2025年大阪・関西万博のシグネチャーパビリオン「いのちめぐる冒険」は、メカニックデザイナーでありアニメーション監督の巨匠、河森正治氏がプロデュースするパビリオンです。「いのちを育む」をテーマに、来場者が生命の奥深いつながりを五感で体感でき、これまでにない冒険が楽しめます。河森正治氏による独創的な世界観で描かれる「いのちのスペクタクル」が体験できる本パビリオンを紹介します。
<目次>
コンセプトは生命の多様性を表現する「いのちの礁」

「いのちめぐる冒険」は、地球上のあらゆる生命が持つ相互接続性と、それを守り育むことの重要性について考えるきっかけとなるパビリオンです。建築のコンセプトは「いのちの礁(いのちのしょう)」。海のサンゴ礁のように、多様な生命が息づき、育まれる場所をイメージして作られています。河森氏の創造性から生まれたこの「いのちの礁」は、来場者が足を踏み入れた瞬間から生命の多様性と躍動感を全身で感じられるよう設計されています。
河森正治氏と株式会社乃村工藝社が手掛ける有機的な「礁」の構造

パビリオンの建築デザインは、河森正治氏のチームと、株式会社乃村工藝社が協力して手掛けています。その特徴は、まるで生き物そのもののような有機的な形状です。構造全体がサンゴ礁を模しており、ランダムに積み重ねられたような要素が、自然の中で生命が育まれる空間を物理的に表現しています。来場者は展示の内容だけでなく、パビリオン内を進むことで、「いのちの循環」を冒険するような感覚を味わえる構造です。
五感で体験する「いのちのスペクタクル」
「いのちめぐる冒険」では、最先端の技術を駆使した展示が用意されており、来場者は五感を使って楽しむことができます。河森正治氏ならではの映像表現や空間演出が、私たち自身の「いのち」への向き合い方を問いかけます。
超時空シアターでは、河森作品を彷彿とさせる時間を超えたスケールで生命の物語が展開されるシアター体験ができます。カメラ付きVRゴーグルを使用することで、個人としての「没入感」と鑑賞者全員の「一体感」が実現され、かつてない宇宙スケールの食物連鎖を時空間で体験が可能です。
また、「ANIMA!」では、生命の根源的なエネルギーや、生き物が持つ本能的な輝きを感じさせるアトラクションが、そして「宇宙の窓」では、広大な宇宙から生命を見つめ直し、その奇跡や尊さを感じさせる空間演出が楽しめます。
さらに、「無限メタモルフォーゼ」では、生命が持つ変容や進化の可能性を、インタラクティブな表現で体験できるセクションが用意されています。
メカデザインの巨匠・河森正治氏が万博に込めるメッセージ
「いのちめぐる冒険」のプロデューサーである河森正治氏は、1960年富山県出身のアニメーション監督、メカニックデザイナーとして世界的に著名な存在です。
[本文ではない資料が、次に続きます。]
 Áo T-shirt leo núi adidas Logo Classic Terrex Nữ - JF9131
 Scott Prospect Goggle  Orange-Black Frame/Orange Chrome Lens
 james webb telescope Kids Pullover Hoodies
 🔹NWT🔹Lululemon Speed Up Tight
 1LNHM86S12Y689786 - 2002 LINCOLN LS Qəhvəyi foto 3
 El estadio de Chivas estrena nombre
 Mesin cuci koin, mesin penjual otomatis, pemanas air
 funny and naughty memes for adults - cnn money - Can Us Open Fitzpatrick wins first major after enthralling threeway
彼の代表作には、画期的な変形メカで知られるアニメ「超時空要塞マクロス」シリーズや、「創聖のアクエリオン」シリーズなどがあります。
アニメ作品にとどまらず、「トランスフォーマー」シリーズのデザインや、ソニーのエンターテイメントロボット「AIBO」のデザインにも携わるなど、その活動領域は多岐にわたります。彼は単にメカをデザインするだけでなく、作品の世界観や物語全体を構築するストーリーテリングの才能にも長けています。
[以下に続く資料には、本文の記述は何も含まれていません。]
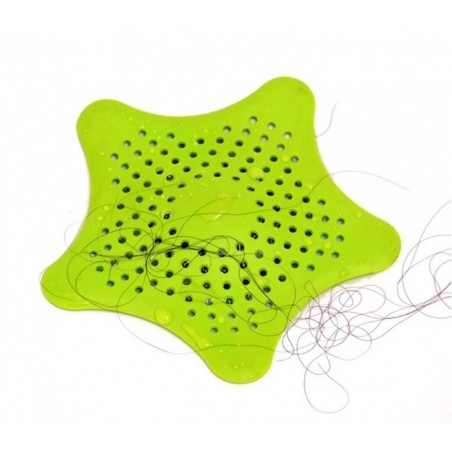 4347 Filtre pour les déchets vidange d'évier et douche en forme d'étoile de mer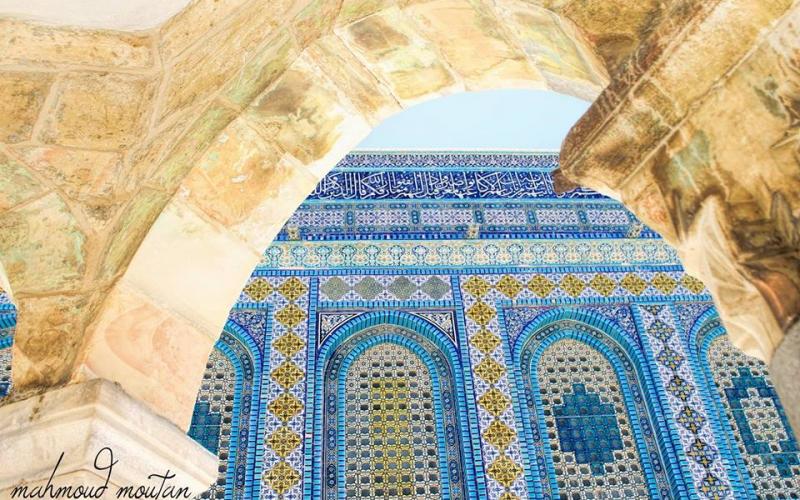 صور: رائعة لمسجد "قبة الصخرة"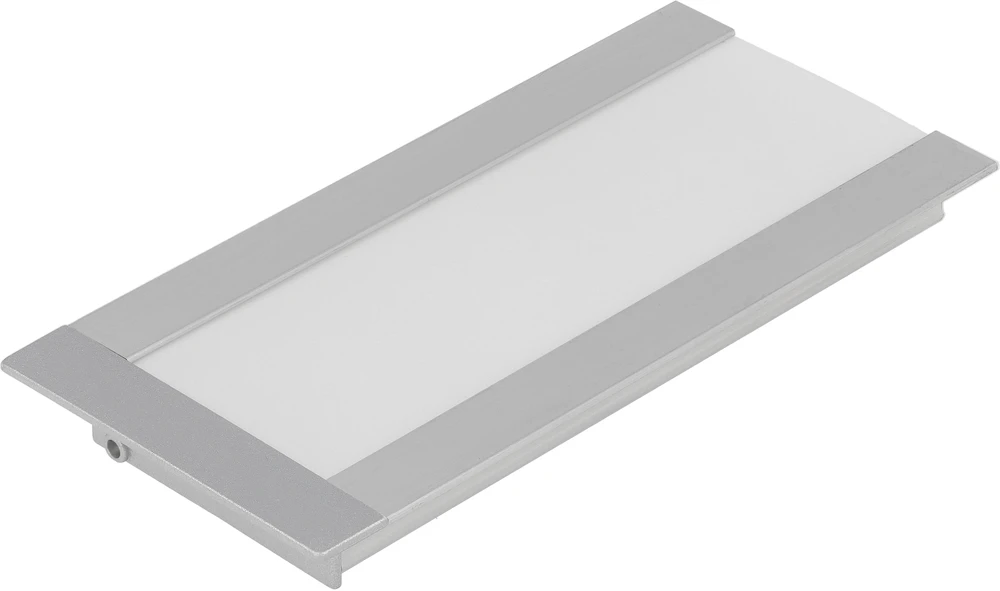 LED juostos profilis FLAT8, neanoduotas aliuminis, 2m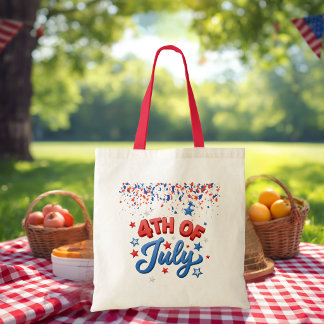 Tasche zum 4. Juli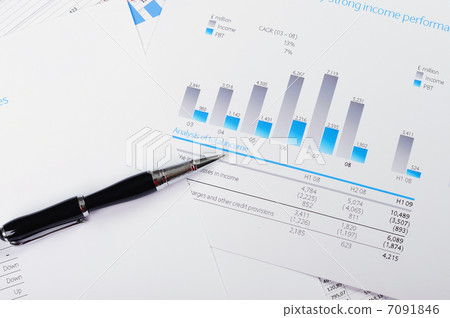 Charts and graphs of sales Charts and graphs of sales 7091846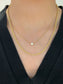 14K Yellow Gold 4.0 mm Rollo Link Chain Necklace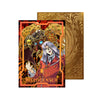 Level up your game with our custom-printed metal field centers, featuring exclusive Millennium Eyes Restrict Pegasus artwork in gold metal. Durable, scratch-resistant, and embossed with the iconic Yu-Gi-Oh! card back, these slim field centers fit perfectly in card sleeves. Maximillion-yugioh-metal-card-embossed-design-custom-artwork-duel-accessories-ldb-duel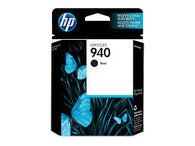 HP 940 Black Officejet Ink Cartridge - 22ml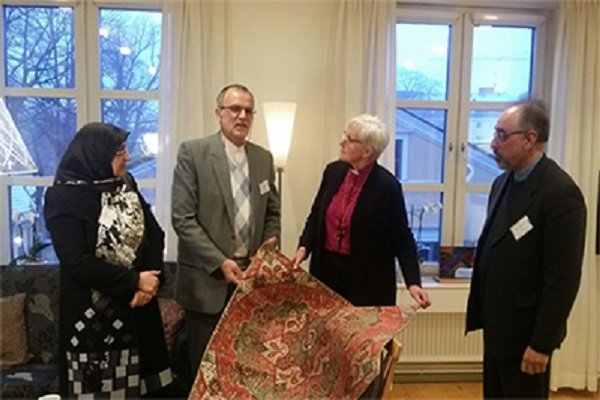 دیدار سفیر و رایزن فرهنگی ایران با عالی ترین مقام مذهبی سوئد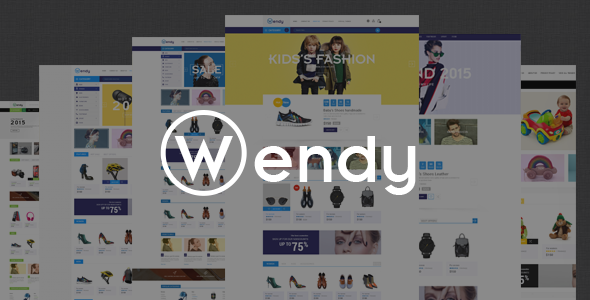 Wendy - Responsive Fashion Shopify Theme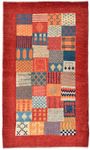 Gabbeh teppe - Loribaft persisk teppe - 145 x 83 cm - rød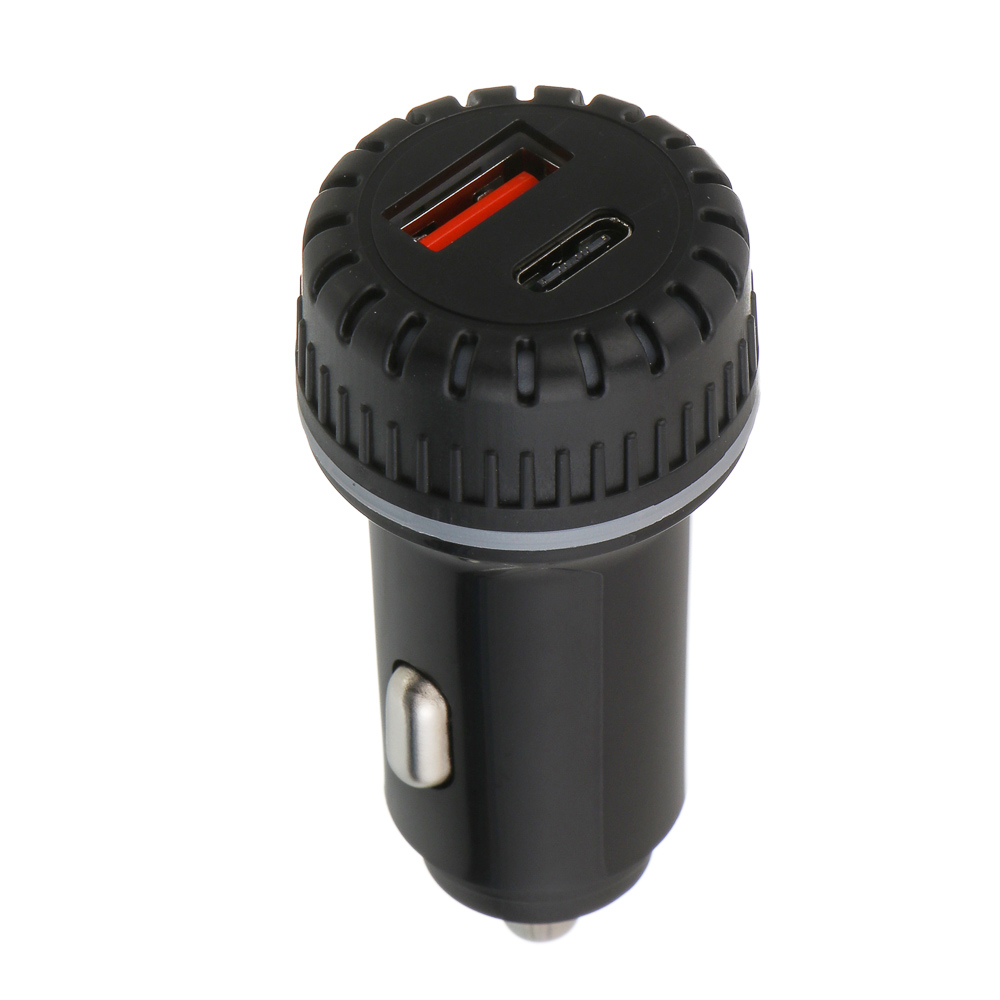 ЕРМАК Устройство зарядное автомобильное, Type CxUSB, 3.1А, 12/24В, пластик - #2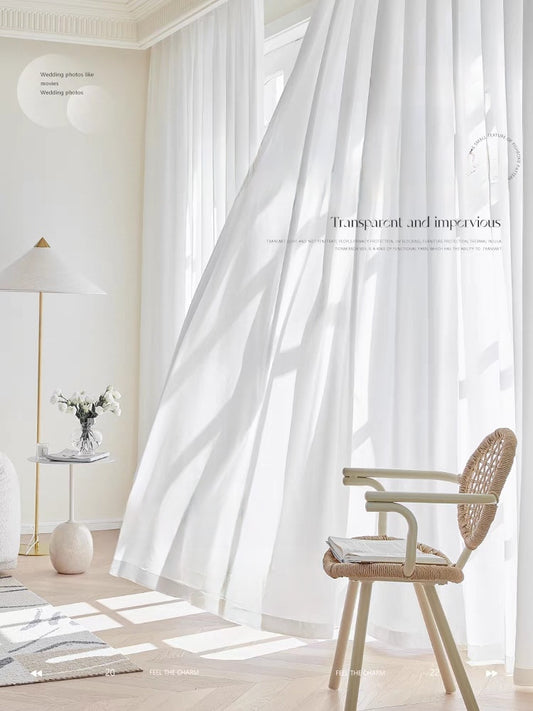 Visillos Súper Suave Pesado Gama Alta Antiarañazos y resistente al desgaste Más Ampilo1paño280x230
今回の大阪・関西万博のシグネチャーパビリオンでは、「いのちを育む」というテーマをもとに、独創的な視点と表現力で来場者が楽しめるように設計されています。彼の作品に通底する「変形」や「合体」といったコンセプトが、「いのちの循環」や「生命の多様性」といったテーマとどのように融合し、新たな体験を生み出すのか、河森正治氏の世界観に触れたい人におすすめです。
4月9日のメディアデーには、河森正治氏や声優の東山奈央氏、梶裕貴氏、七海ひろき氏などによる超時空シアター&ANIMA!体験会トークショーも行われました。